B
Beno
Guest
I have a very close friend who has a 20 year old daughter. In many ways I have been like a father to my friend’s daughter for over 10 years. (Her non-custodial father died about 6 years ago.) The daughter is living at home with her mother. But here is the problem. My friend’s daughter is now pregnant and her 18 year old boyfriend is, in my opinion, a lousy choice for a boyfriend. I strongly cautioned her over a year ago about this guy having heard from her some things he has said and done. He has no plans for any profession, he has had several other girlfriends at the same time (even telling my friend’s daughter to get used to it), he has been previously sent to jail, he does not go to church, he believes abortion is an option, he has threatened to physically harm my friend’s daughter, he does not have a car and manipulates his friends and girlfriends to give him cash, gifts, favors, and rides, he does not want to pay child support when the time comes, he has no inclination or intention to marry, he has a psycho sister that has been verbally abusive to my friend’s daughter, and I could go on about his parents and other siblings.
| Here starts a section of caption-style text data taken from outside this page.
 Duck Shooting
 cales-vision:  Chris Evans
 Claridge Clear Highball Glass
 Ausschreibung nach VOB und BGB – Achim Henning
Yet she answers to his every beckoning call, and continues to see him despite his abusive and manipulative behaviors. And when I try to bring up the subject, my friend’s daughter becomes defensive and argues about being an adult and able to make her own choices. A counselor has encouraged her mother and I to refrain from making comments that would put her defenses up, and that she may eventually come to accept that her choices have not been good ones though it may take many years for that to happen. But I am going nuts keeping quiet! I wanted her to come to her senses a year ago, but she’s only digging herself deeper into a lousy future. I care deeply for her and hate seeing her put herself through all this. I need some advice or encouragement from any others that have been through similar cirumstances.